The Problem
Here at CompanyCam, we rely on automated testing to ensure that our code is working as expected. Our backend is written in Ruby on Rails, and we leverage automated testing (via rspec) to help ensure that new code doesn’t break existing functionality. We have many thousands of these automated tests—over 3500 at the time of writing—and we’re always writing new tests alongside our new features, to be sure those don’t break in the future, either.
Because these tests are so important to our development process, and because we have many developers working on our codebase simultaneously, we execute our full test suite dozens of times each day.
For new features and maintenance work, we use a typical pull-request workflow, running tests at each step along the way. A normal day for a developer might look like this:
- Write code.
- Test that code locally.
- Push this new code to our central repository (Github).
- Run tests to ensure that our new code is working properly.

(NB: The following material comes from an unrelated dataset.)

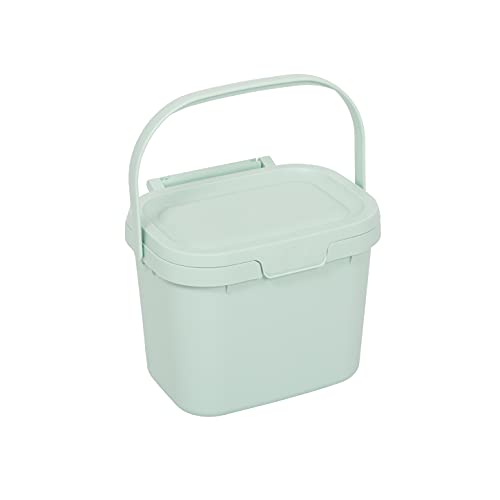 Addis Everyday Kitchen 518696 Lebensmittelabfalleimer, 4,5 Liter, Mist Soft Green von Addis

- If changes are needed, go to step 1, otherwise proceed.
- Merge in changes that other developers have written in the meantime.
- Run tests again, ensuring everything still works.
- If changes are needed, go to step 1, otherwise proceed.
- Merge code into the main branch.
Because the run tests step is done so frequently, it’s important that it happens as quickly as possible.
This is where we had a problem.
It was taking 13 or more minutes to run our full test suite from start to finish. During that time there wasn’t much for a developer to do—if their tests failed, they were going to have to fix or redo some work. If they passed, they could carry on—but it wasn’t safe to carry on before knowing everything was working properly. With 13 minutes to kill, it was easy to get caught up in another conversation, go make another cup of coffee, play some Wordle, or get lost in any other distraction. Suddenly that 13 minutes was 20 minutes, or a half hour. Multiply this delay by all the times the tests had to be run each day (many dozens at least), and you can see that tests were a major slowdown for our team.
Setting a Goal
We knew we wanted the tests to run faster, but how much faster was enough? We set a goal to get the tests under 5 minutes. We had an intuitive sense this was possible, and 5 minutes seemed like a short enough time frame that it wouldn’t turn into a full on-distraction. I had an internal stretch goal of getting our tests down to 3 minutes, but at the time I had no solid reason to believe we could get there.
Step 1: Parallel Tests
Once we had a goal, we needed to figure out how to get there. The first thing we knew we had to do was get our tests to run in parallel. We figured that we could always throw more computing power at the tests, but unless we could run many tests at the same time, side by side, we’d never be able to make full use of any available computing power we might have.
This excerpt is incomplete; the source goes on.